Stored Arrays

File arrays

Arrays can be stored on a file system using xfile_array, enabling persistence of data. This type of array is a file-backed cached xarray, meaning that you can use it as a normal array, and it will be flushed to the file when it is destroyed or when flush() is explicitly called (provided that its content has changed). Various file systems can be used, e.g. the local file system or Google Cloud Storage, and data can be stored in various formats, e.g. GZip or Blosc.

File Mode

A file array can be created using one of the three following file modes:

  • load: the array is loaded from the file, meaning that the file must already exist, otherwise an exception is thrown.

  • init: the array will initialize the file, meaning that its content will be flushed regardless of any pre-existing file.

  • init_on_fail: the array is loaded from the file if it exists, otherwise the array will initialize the file. An initialization value can be used to fill the array.

The default mode is load.

IO handler

Stored arrays can be read and written to various file systems using an IO handler, which is a template parameter of xfile_array. The following IO handlers are currently supported:

  • xio_disk_handler: for accessing the local file system.

  • xio_gcs_handler: for accessing Google Cloud Storage.

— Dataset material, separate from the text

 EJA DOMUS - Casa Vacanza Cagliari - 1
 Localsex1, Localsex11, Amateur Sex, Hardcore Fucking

The IO handler is itself templated by a file format.

File format

An array is stored in a file system using a file format, which usually performs some kind of compression. A file format has the ability to store the data, and optionally the shape of the array. It can also optionally be configured. The following file formats are currently supported:

  • xio_binary_config: raw binary format.

  • xio_gzip_config: GZip format.

  • xio_blosc_config: Blosc format.

These formats currently only store the data, not the shape. GZip and Blosc formats are configurable, but not the binary format.

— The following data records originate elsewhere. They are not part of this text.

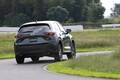 CX-5＆CX-8商品改良　「らしくない」ガソリンターボ、ドライブ好きに勧めたい6MT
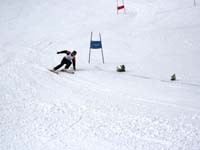 IMG_2335
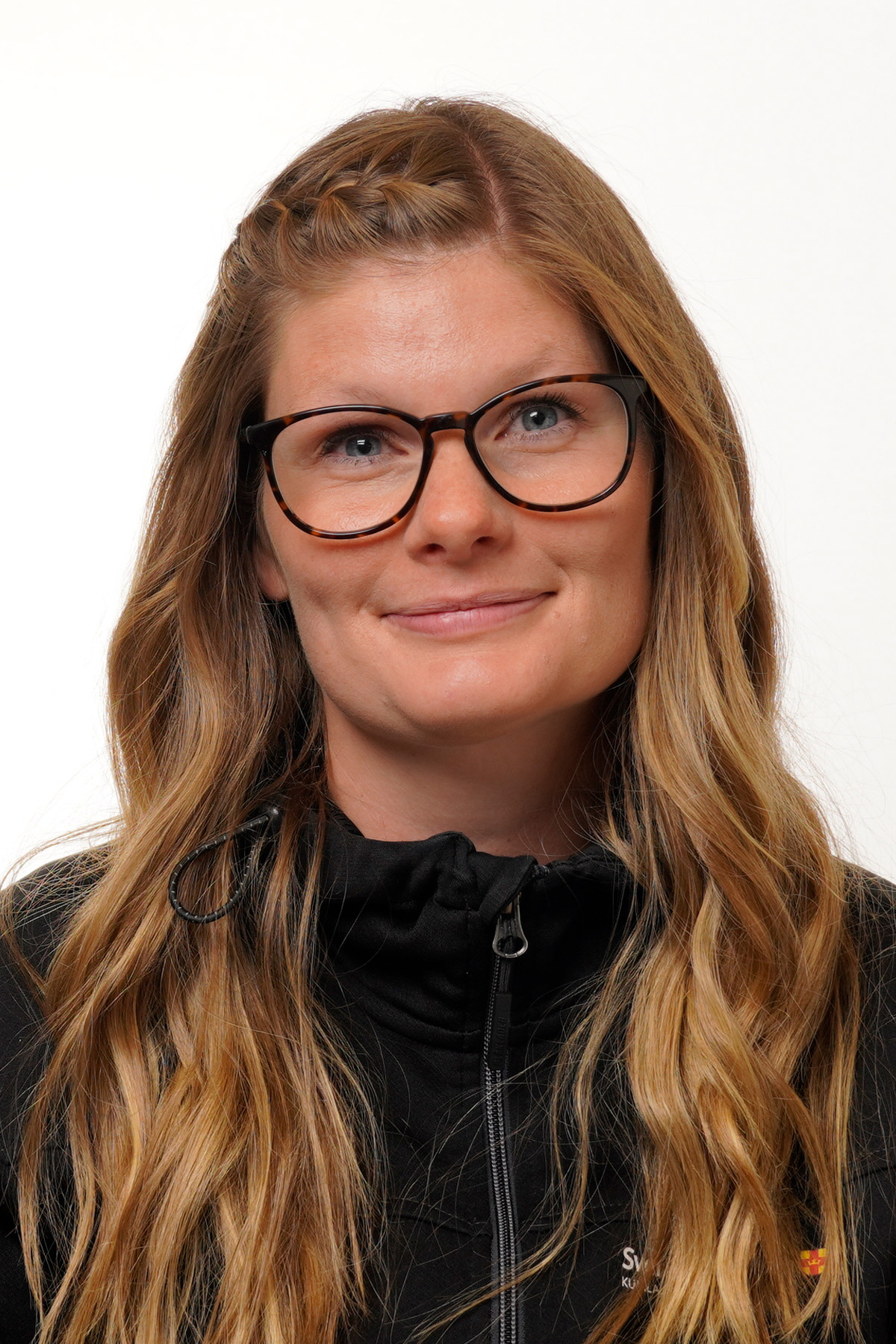 Wiktoria  Stolt Winberg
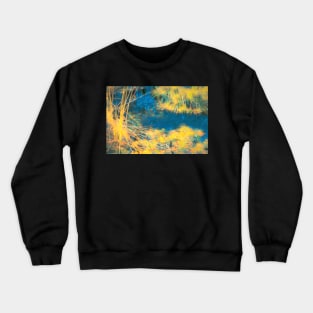 Colors 199 Crewneck Sweatshirt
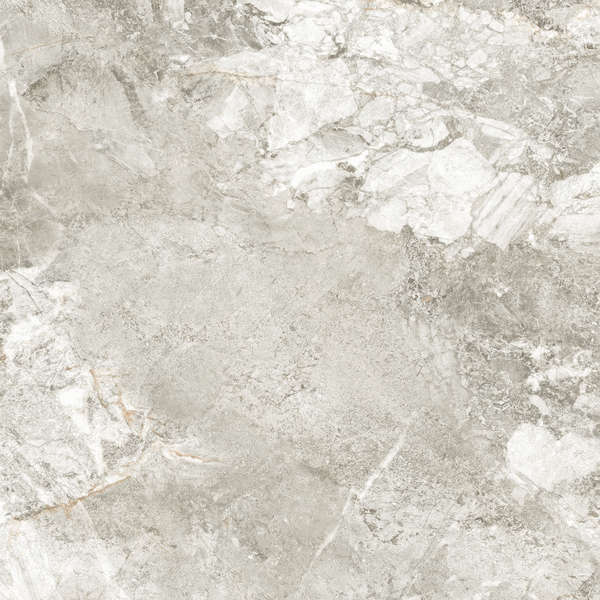 17R Матовый 60x60 (600x600)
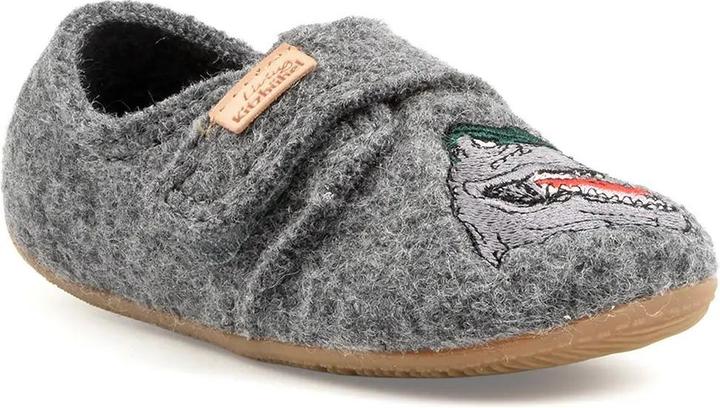 Image du produit Living Kitzbühel Dino L (30)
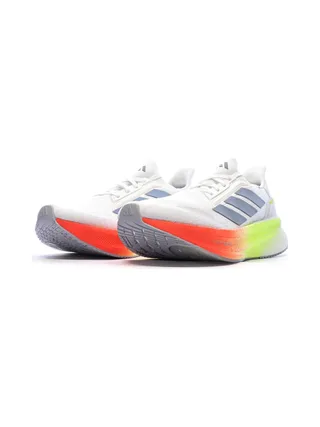 Chaussures de running Blanches Homme Adidas Ultraboost 5x 6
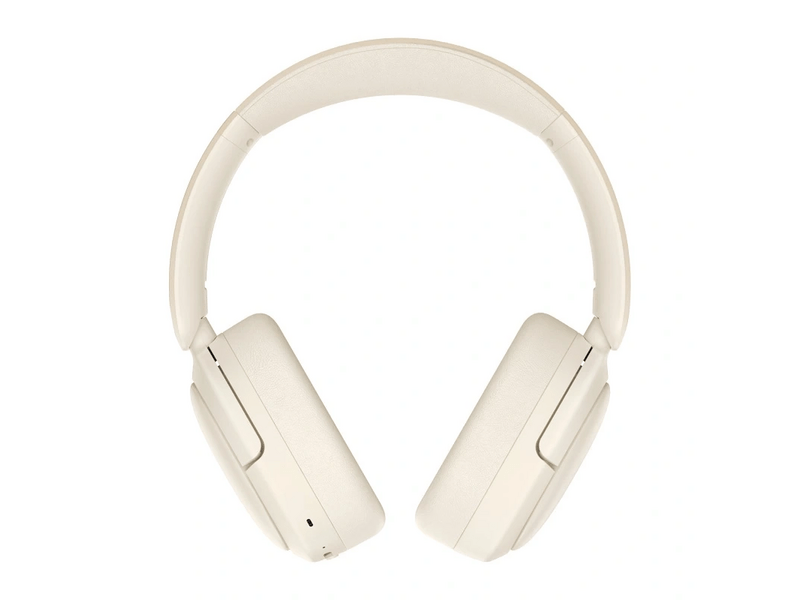 Edifier W800BT Pro Bežične slušalice, bež boje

Example : on-disk file array

#include <xtensor-io/xfile_array.hpp>
#include <xtensor-io/xio_binary.hpp>
#include <xtensor-io/xio_disk_handler.hpp>

int main()
{
    // an on-disk file array stored in binary format
    using file_array = xt::xfile_array<double, xt::xio_disk_handler<xt::xio_binary_config>>;
    // since the file doesn't alreay exist, we use the "init" file mode
    file_array a1("a1.bin", xt::xfile_mode::init);

    std::vector<size_t> shape = {2, 2};
    a1.resize(shape);

    a1(0, 1) = 1.;
    // the in-memory value is changed, but not the on-disk file yet.
    // the on-disk file will change when the array is explicitly flushed,
    // or when it is destroyed (e.g. when going out of scope)

    a1.flush();
    // now the on-disk file has changed

    // a2 points to a1's file, we use the "load" file mode
    file_array a2("a1.bin", xt::xfile_mode::load);
    // the binary format doesn't store the shape
    a2.resize(shape);

    // a1 and a2 are equal
    assert(xt::all(xt::equal(a1, a2)));

    return 0;
}

Chunked File Arrays

As for a “normal” array, a chunked array can be stored on a file system. Under the hood, it will use xfile_array to store the chunks. But rather than having one file array for each chunk (which could have a huge memory footprint), only a limited number of file arrays are used at the same time in a chunk pool. The container which is responsible for managing the chunk pool (i.e. map logical chunks in the array to physical chunks in the pool) is the xchunk_store_manager, but you should not use it directly. Instead, we provide factory functions to create a chunked file array, as shown below:

Example : on-disk chunked file array

#include "xtensor-io/xchunk_store_manager.hpp"
#include "xtensor-io/xio_binary.hpp"
#include "xtensor-io/xio_disk_handler.hpp"

int main()
{
    namespace fs = ghc::filesystem;

    std::vector<size_t> shape = {4, 4};
    std::vector<size_t> chunk_shape = {2, 2};
    std::string chunk_dir = "chunks1";
    fs::create_directory(chunk_dir);
    double init_value = 5.5;
    std::size_t pool_size = 2;  // a maximum of 2 chunks will be hold in memory

    auto a1 = xt::chunked_file_array<double, xt::xio_disk_handler<xt::xio_binary_config>>(shape, chunk_shape, chunk_dir, init_value, pool_size);

    a1(2, 1) = 1.2;  // this assigns to chunk (1, 0) in memory
    a1(1, 2) = 3.4;  // this assigns to chunk (0, 1) in memory
    a1(0, 0) = 5.6;  // because the pool is full, this saves chunk (1, 0) to disk
                     // and assigns to chunk (0, 0) in memory
    // when a1 is destroyed, all the modified chunks are saved to disk
    // here, only chunks (0, 1) and (0, 0) are saved, since chunk (1, 0) was not changed
    // flushing can be triggered manually by calling a1.chunks().flush()
}